El día antes de que empezasen las vacaciones de Navidad, a eso de las diez de la noche, íbamos paseando por la Alameda, y me dijo que no podíamos seguir juntos, ya que era un año mayor que yo (ella tenía 19) y su meta en la vida me iba a hacer daño si continuábamos. Me dijo que me quería, pero que lo mejor para mí sería empezar o tratar de empezar a salir con una chica más joven, incluso me dió el nombre de una compañera, a quien también recuerdo muy guapa. No hubo alternativa, yo vivía en el Colegio Mayor Fonseca, teníamos que entrar a las 10, y ahí nos despedimos ya que al día siguiente nos íbamos todos de vacaciones de Navidad, con la idea en mi cabeza de que a la vuelta de las vacaciones volveríamos a estar juntos. Pero ya no fue así, ella no volvió a Santiago, dejó la carrera y no volví a saber de ella, hasta que hace un par de días la ví en un periódico asturiano y me vino todo esto a la cabeza, de golpe. Bendita memoria. Resulta que, según el periódico, había sido una activista comunista y había estado durante muchos años en pueblos perdidos de Sudamérica ayudando a la gente, pobre, sin cultura y viviendo bajo regímenes totalitarios, a educarse y sobrevivir. Fue poco tiempo el que la conocí, escasamente el primer trimestre de la carrera, pero suficiente como para explicarme ahora qué fué de su vida.
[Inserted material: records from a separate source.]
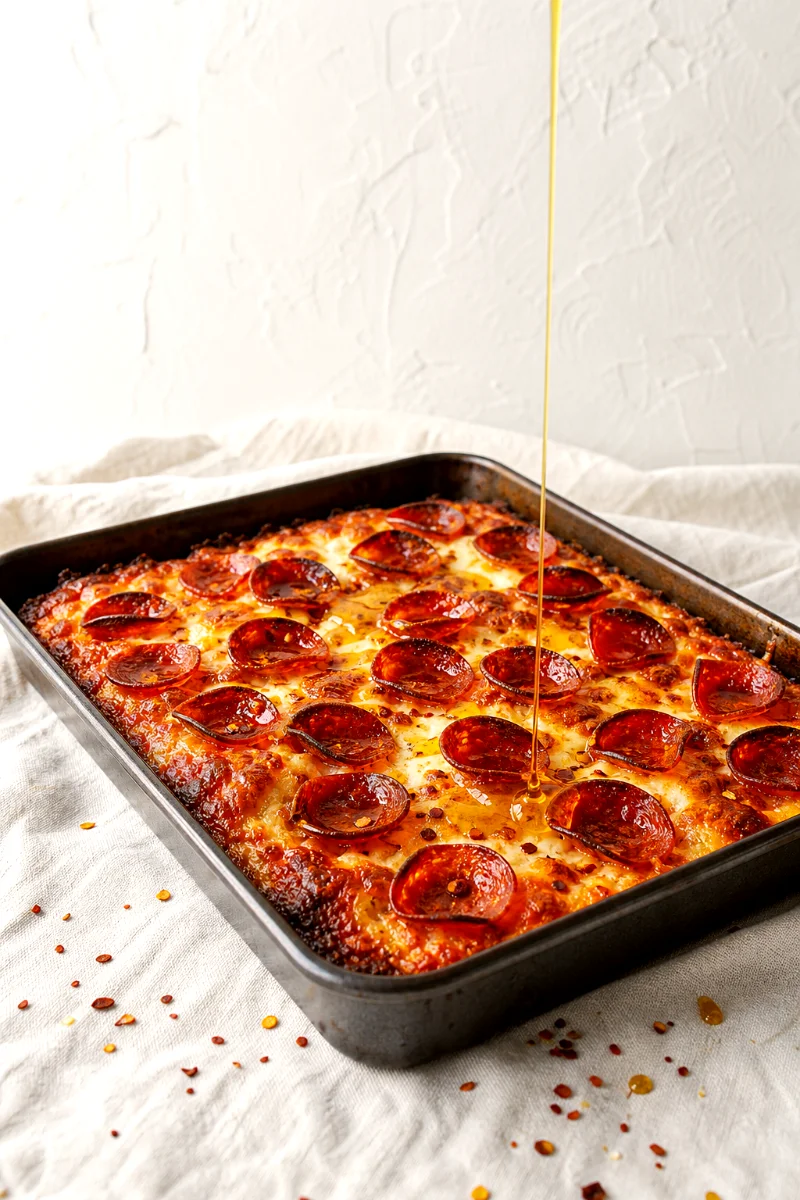 hot-honey-pepperoni-pan-pizza-hot-honey-drizzle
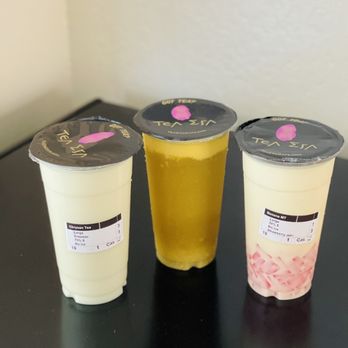 Tea Era - Chrysanthemum Milk Tea, Mountain Jade Tea Brulee, & Banana Milk Tea with Strawberry Jelly - Coffee & Tea Near Me - Cupertino, California Tea Era - Chrysanthemum Milk Tea, Mountain Jade Tea Brulee, & Banana Milk Tea with Strawberry Jelly - Coffee & Tea Near Me - Cupertino, California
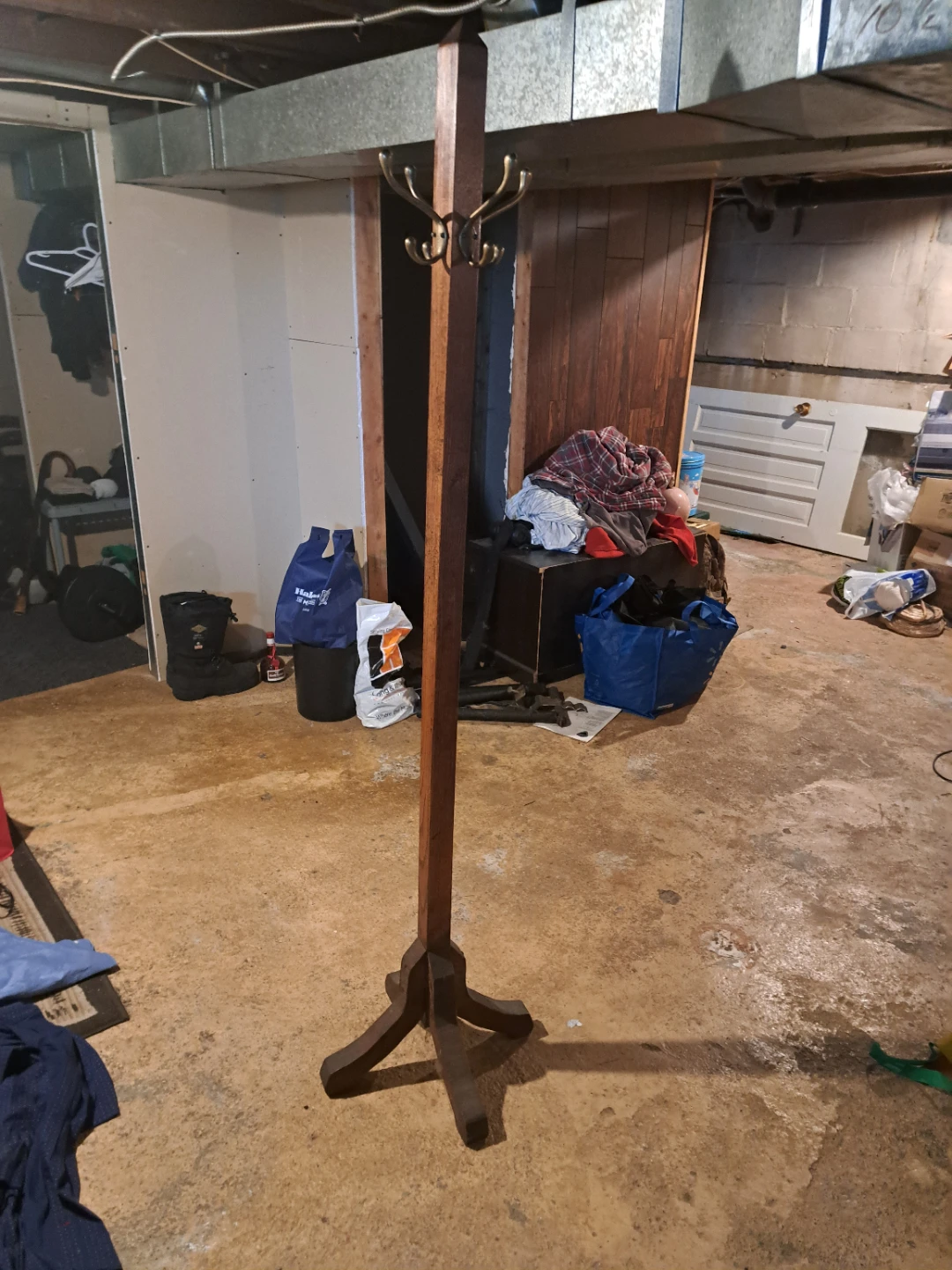 Wooden Coat Rack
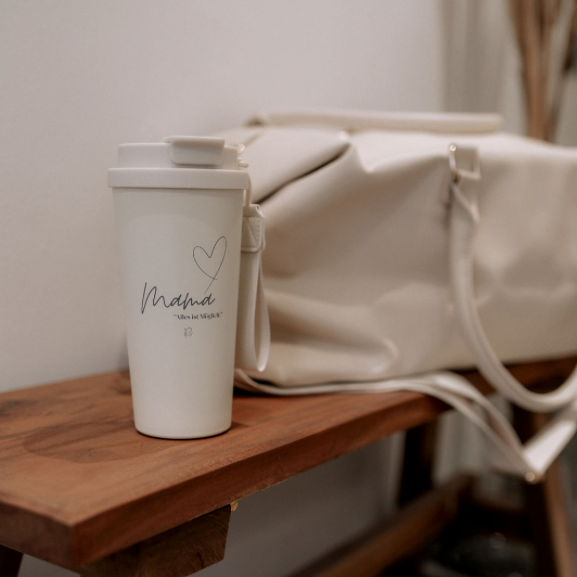 Keliya Mama Thermobecher – 600 ml Edelstahl-Becher für heiße & kalte Me-Time-Momente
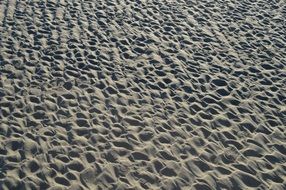 Sand terrain beach on the island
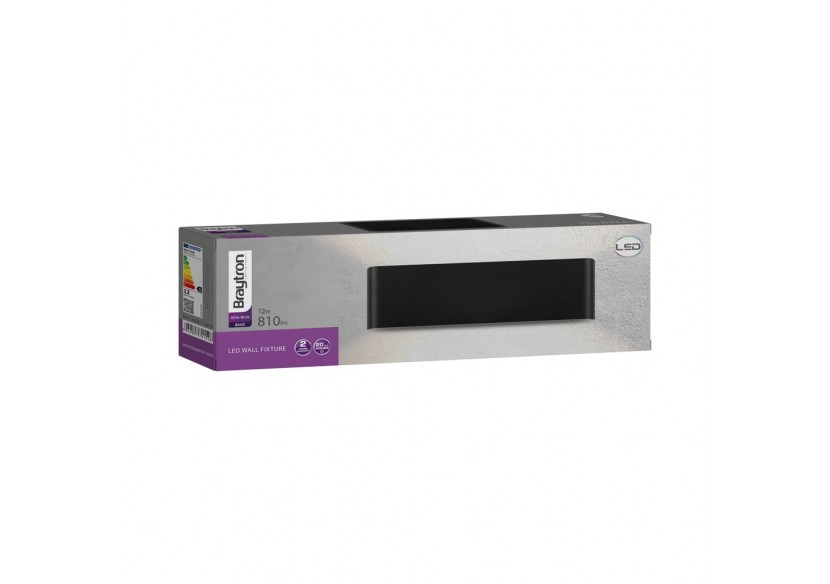 Éclairage mural LED 310mm Noir, 810 lm, Blanc Chaud - BH07-03301 - Braytron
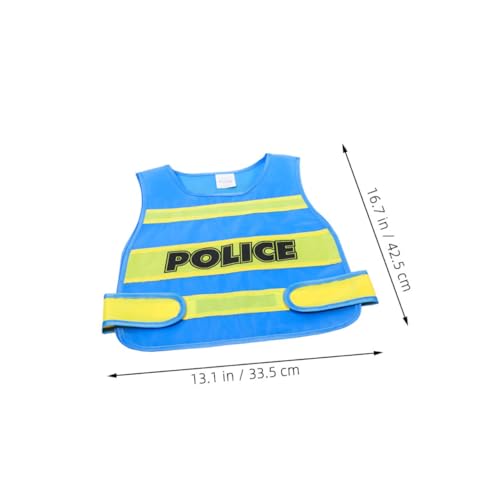 Toddmomy 4 Teilige Polizeiweste Für Halloween Cosplay Polizistenkostüm Rollenspiel Kostüm Weste Zubehör Für Rollenspiele Ferien Schulveranstaltungen Toddmomy 4 Teilige Polizeiweste Für Halloween Cosplay Polizistenkostüm Rollenspiel Kostüm Weste Zubehör Für Rollenspiele Ferien Schulveranstaltungen von Toddmomy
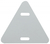 Бирка кабельная маркировочная У136 треугольник 52х55мм (100шт) (100/3000/126000) | Б0037466 ЭРА (Энергия света)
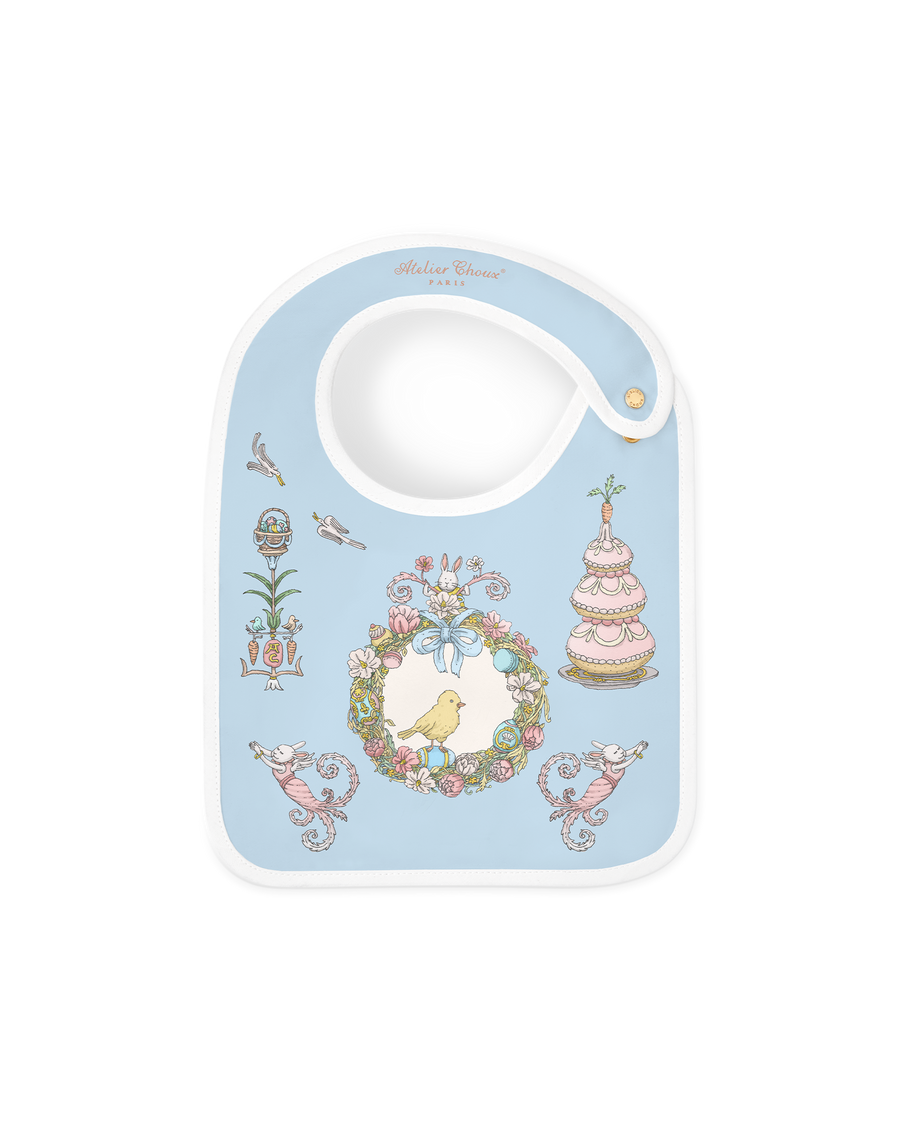 Satin Bib - Spring Bunny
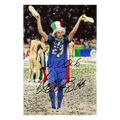 Marco Materazzi Signed Italy 12x8 Image 1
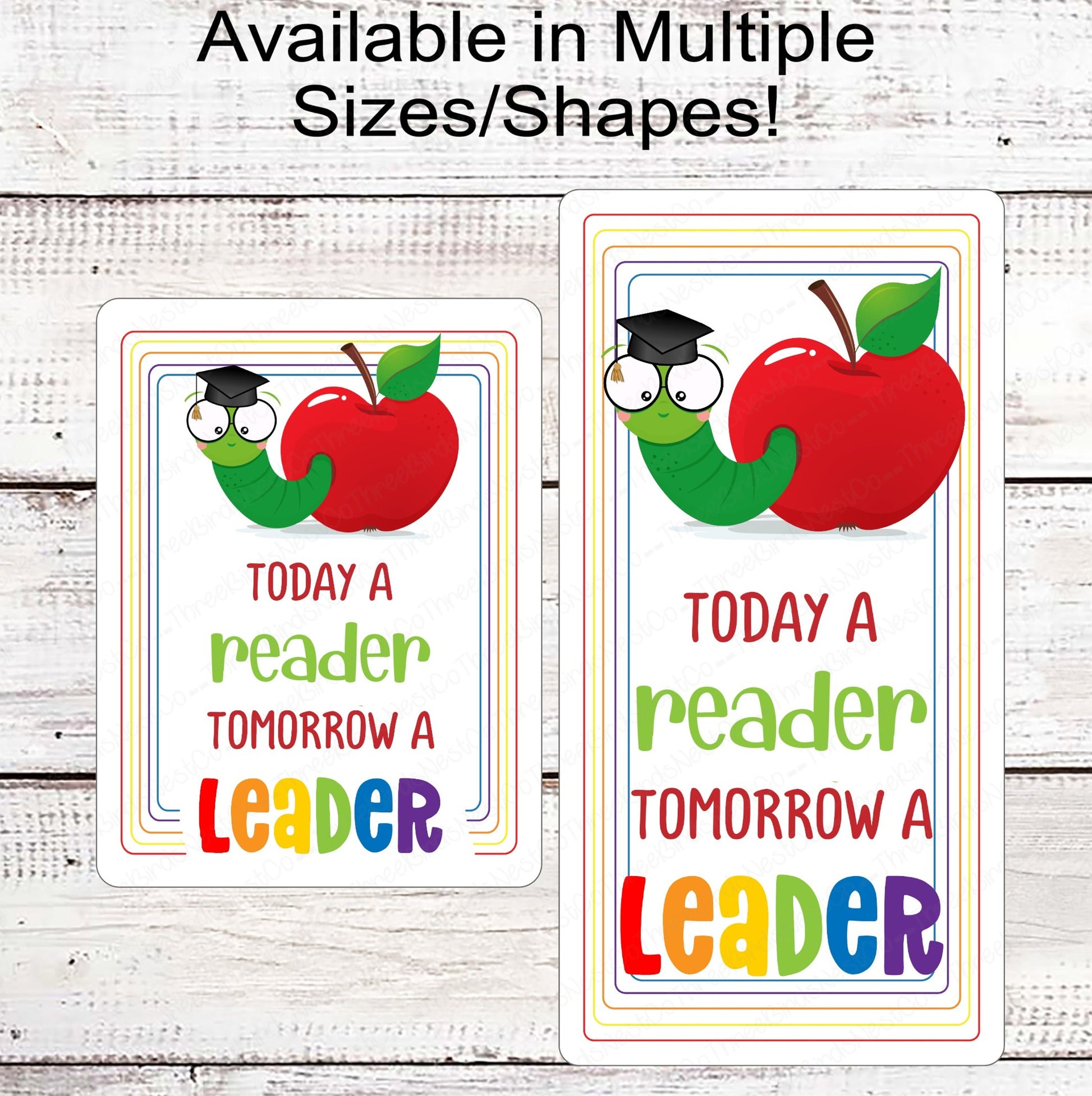 Today a Reader Tomorrow a Leader School Teacher Wreath Sign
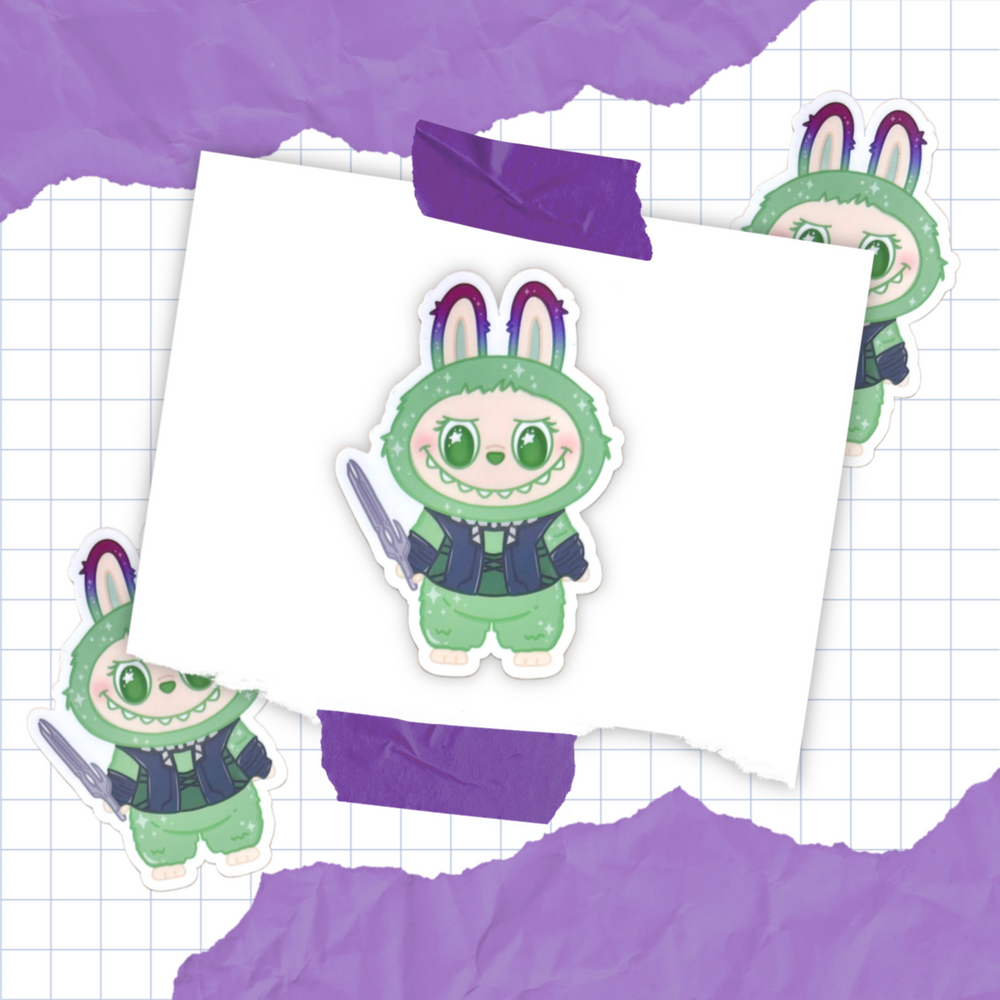 Space Gal Little Monster Sticker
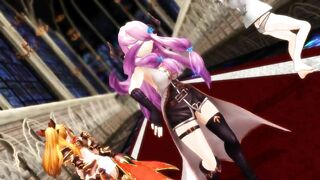 【MMD】On the alert【R-18】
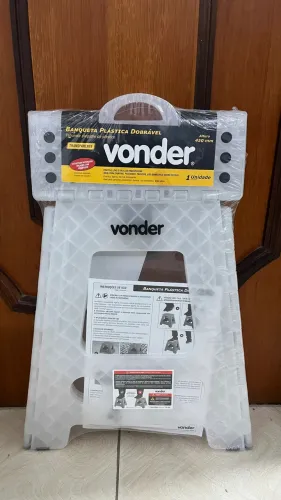 Banqueta / Banco Dobrável Vonder 45cm Transparente com Alça (Nova)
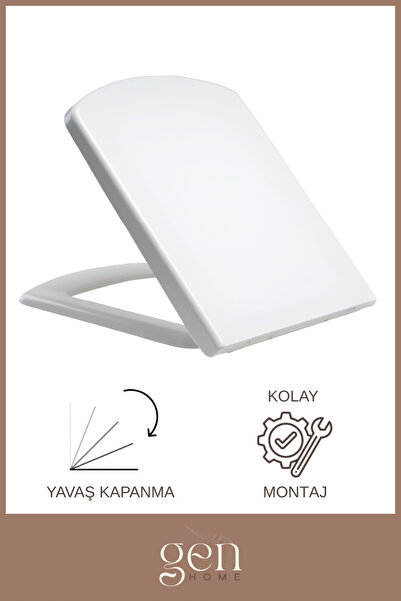 GenPlus Drom Kare Soft Duroplast Klozet Kapağı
Hay algo que nunca olvidé y que ahora de nuevo me viene a la memoria. Tras aquella despedida de hace ya tantos años, a los dos – tres días de estar en Vigo de vacaciones navideñas, mi madre me dijo que me acababa de llegar una carta sin remite. La abrí y en ella tan solo había, escrita a mano, la letra de la canción de Rosalía de Castro, Negra Sombra: “Cando penso que te fuches, negra sombra que m’asombras, cando imagino qués ida….en todo estás e tí és todo….”. Nunca logré saber quién me había enviado esa carta ni por qué, pero la realidad en aquel momento y ahora, es que siempre pensé que había sido ella. Una forma de despedirse demostrándome lo que ya me había demostrado. Todo es real, nada producto de la imaginación, aunque nunca llegaré a saber si esa carta la escribió ella realmente, pese a que no encajaba con ninguna otra chica.
Así es la memoria, para bien y para mal.
Jesús Devesa
Una respuesta a “Cando penso que che fuches…”
Te felicito por lo bien que escribes, es muy interesante tu autobiografía. Es cierto que a nuestros años y sin saber por que nos vienen a la memoria hechos de nuestra vida, a mi también me pasa, errores, vivencias, todo…. Un abrazo.